Of recent, the polity started pointing towards some benefits of two strong political parties: healthy competition and inclusion. Following the July 12, favourable Supreme Court ruling that restored leadership of the Peoples Democratic Party (PDP) to the majority faction of National Caretaker Committee (NCC), led by Senator Ahmed Makarfi, the party set machinery in accelerated motion to firm up its structures.

On the flip side, PDP’s main rival and nemesis, the ruling All Progressives Congress (APC) woke up from its two years slumber to begin serious plans for its delayed midterm convention. APC had been scared of holding its midterm convention, ostensibly to avoid the possibility of an implosion, which had been building up shortly after it mounted the saddle as ruling party.

The apex court judgment, which came as elixir to PDP must have harassed APC leaders, such that they became charged to face its worst fears by holding the convention, even if non-elective, to try to cement noticeable cracks on its structure.

In the days to come what happens within the two major political platforms would help Nigerians to make their conclusions. While APC bulldozed its way to electoral victory due to poor performance and internal misunderstanding within the PDP, the accidental victory did not allow the new amalgam to smoothen its structure as one political unit. The fissures of hurried joinery remained noticeable.

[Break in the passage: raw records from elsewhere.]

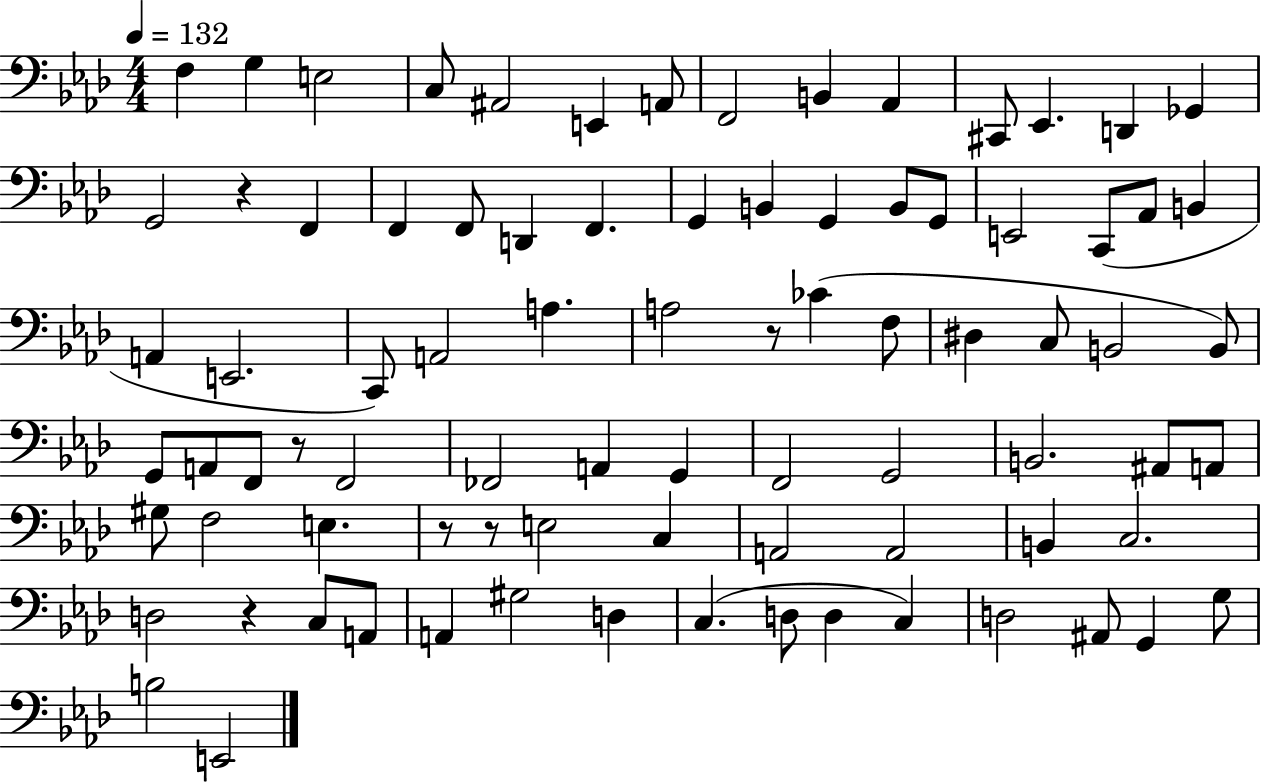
X:1
T:Untitled
M:4/4
L:1/4
K:Ab
F, G, E,2 C,/2 ^A,,2 E,, A,,/2 F,,2 B,, _A,, ^C,,/2 _E,, D,, _G,, G,,2 z F,, F,, F,,/2 D,, F,, G,, B,, G,, B,,/2 G,,/2 E,,2 C,,/2 _A,,/2 B,, A,, E,,2 C,,/2 A,,2 A, A,2 z/2 _C F,/2 ^D, C,/2 B,,2 B,,/2 G,,/2 A,,/2 F,,/2 z/2 F,,2 _F,,2 A,, G,, F,,2 G,,2 B,,2 ^A,,/2 A,,/2 ^G,/2 F,2 E, z/2 z/2 E,2 C, A,,2 A,,2 B,, C,2 D,2 z C,/2 A,,/2 A,, ^G,2 D, C, D,/2 D, C, D,2 ^A,,/2 G,, G,/2 B,2 E,,2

As things stand, and following its vigorous efforts to bounce back as the primary national political movement rooted in free market ideology, PDP seems to be out there in the front dictating the pace of politics as the country heads to another general election year, 2019. Therefore, how far both platforms are able to chart their paths to the future depends on how they confront those obvious challenges that confront their unity and cohesion.

PDP: Clearing Scars Of Internal Wars
Give it to PDP. Its rich political experience and years of waddling through internal strife must have come handy shortly after the favourable Supreme Court judgment. The speed with which the NCC summoned caucus and NEC meetings showed the grains of clever political thinking, hunger for reunion and surefootedness about where it stands and wants to be on national politics.

Without doubt, the trauma of losing a general election despite the enormous clout of incumbency and the harrowing experience of struggling for the soul of the party with an invited functionary, left PDP devastated and frustrated.

Although the coming of Senator Ali Modu Sheriff was as sudden as it was shrouded in secrecy, with the benefit of hindsight, foisting the former Borno State governor on PDP as its acting national chairman was strategically intended to botch the ambitions of entrenched interests in the party.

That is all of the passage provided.